For the graphic above I used the following matrices.

\[ A1= \begin{pmatrix} 0.0 & 0.4 & -0.5 \\ -0.4 & -0.8 & -0.5 \\ -0.1 & -0.5 & 0.2 \\ \end{pmatrix} \mkern18mu , \mkern36mu B1= \begin{pmatrix} -0.1 & -0.8 & -0.1 \\ 0.3 & 0.2 & -0.9 \\ 0.1 & -0.3 & -0.5 \\ \end{pmatrix} \] \[ A2= \begin{pmatrix} 1 & 0 & 0 \\ 0 & 0 & 1 \\ 0 & 1 & 0 \\ \end{pmatrix} \mkern18mu , \mkern36mu B2= \begin{pmatrix} 0 & 1 & 0 \\ 1 & 0 & 0 \\ 0 & 0 & 1 \\ \end{pmatrix} \]

And the following R-code.

tr <- function(X) sum(diag(X))

# random matrix type 1
rmat_1 <- function(n=3, p=3, min=-1, max=1){
  matrix(runif(n*p, min, max), ncol=p)
}

# random matrix type 2, sparse
rmat_2 <- function(p=3) {
  diag(p)[, sample(1:p, p)]
}

# generate random rotation matrix Q. Based on Q find 
# optimal scaling factor c and calculate loss function value
#
one_sample <- function(n=2, p=2)
{
  Q <- mixAK::rRotationMatrix(n=1, dim=p) %*%         # random rotation matrix
    diag(sample(c(-1,1), p, rep=T))                   # additionally 
  s <- tr( t(Q) %*% t(A1) %*% B1 ) / norm(A1, "F")^2  # scaling factor c
  rss <- norm(s*A1 %*% Q - B1, "F")^2 + 
         norm(A2 %*% Q - B2, "F")^2 
  c(s=s, rss=rss)
}

# find c and rss or many random rotation matrices
#
set.seed(10)  # nice case for 3 x 3
n <- 3
p <- 3
A1 <- round(rmat_1(n, p), 1)
B1 <- round(rmat_1(n, p), 1)
A2 <- rmat_2(p)
B2 <- rmat_2(p)

x <- rdply(40000, one_sample(3,3)) 
plot(x$s, x$rss, pch=16, cex=.4, xlab="c", ylab="L(Q)", col="#00000010")

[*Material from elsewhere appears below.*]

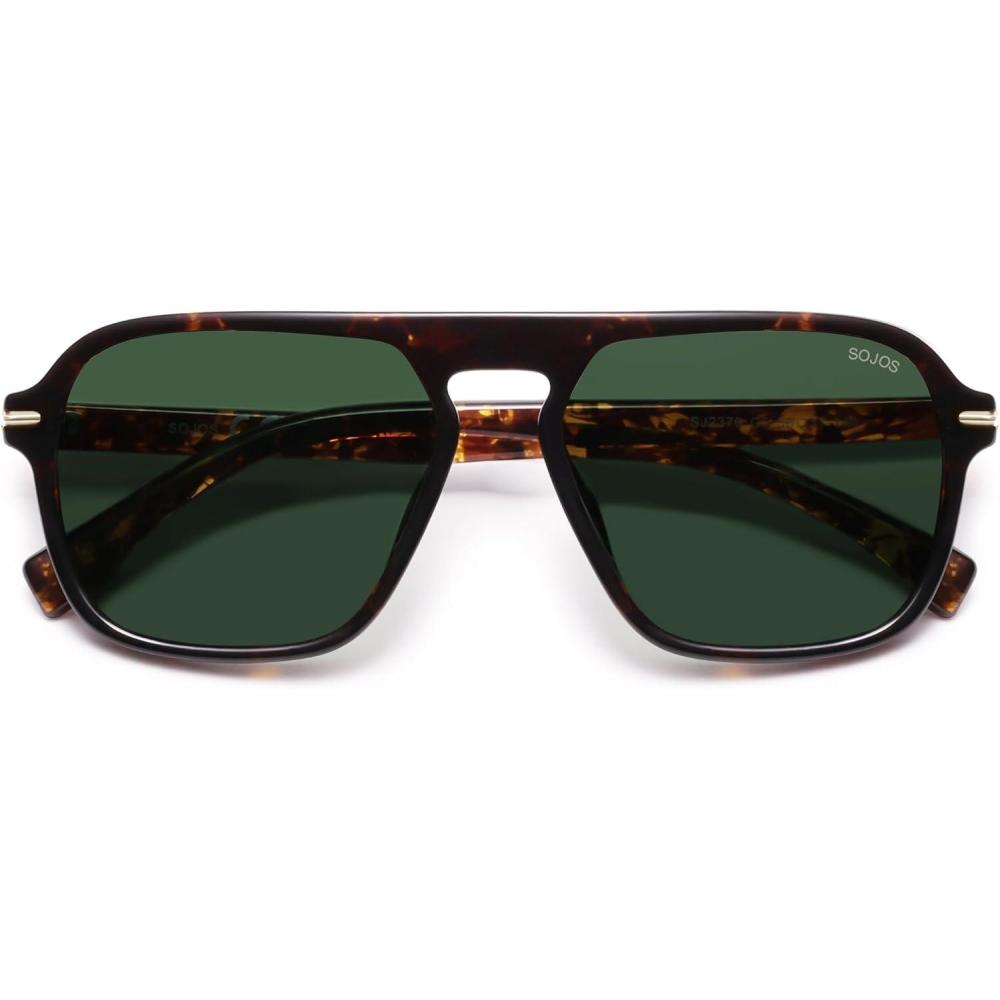 imageSOJOS Retro Aviator Polarized Sunglasses for Men Women Trendy Vintage Square Pilot Mens Shades SJ2370Tortoise Frame Green Lens
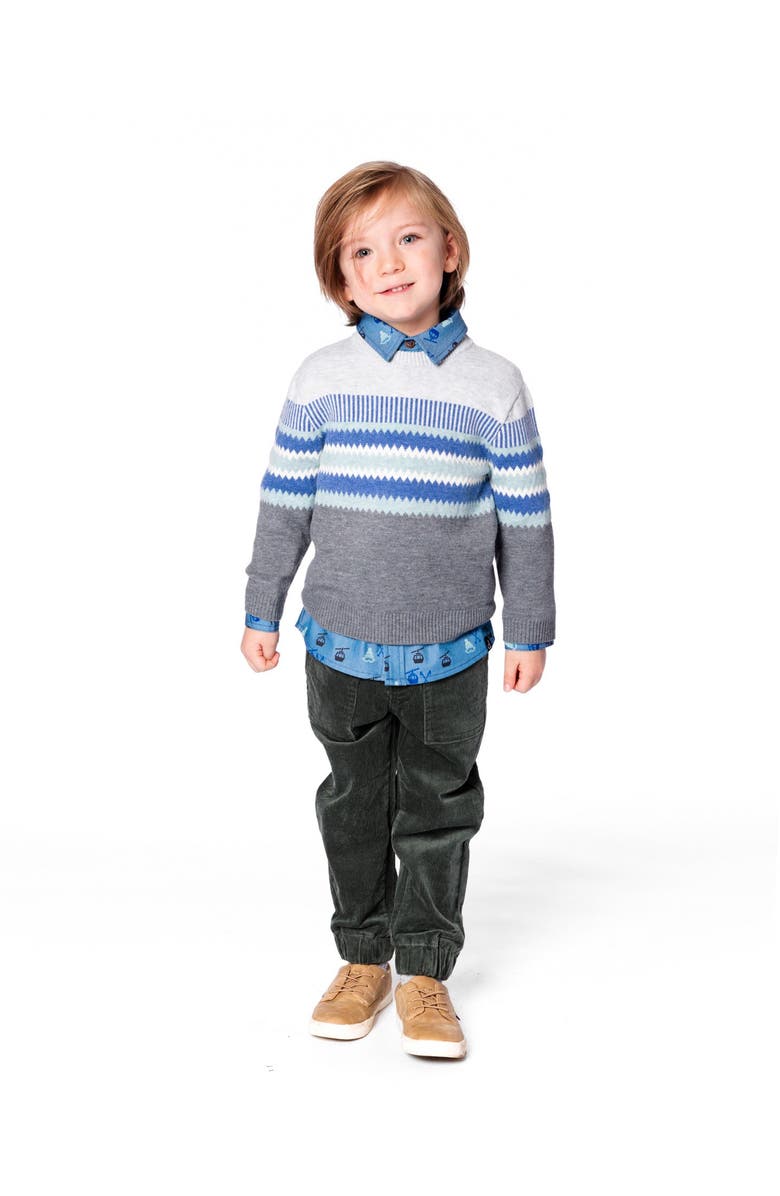 Deux par Deux Knitted Jacquard Sweater, Main, color, Dark Gray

Below you find some more graphics with different matrices as inputs.

Here, we do not have a one-to-one relation between the scaling parameter and the loss function any more. I do not quite know what to make of this yet. But for now I am happy that it has aesthetic value.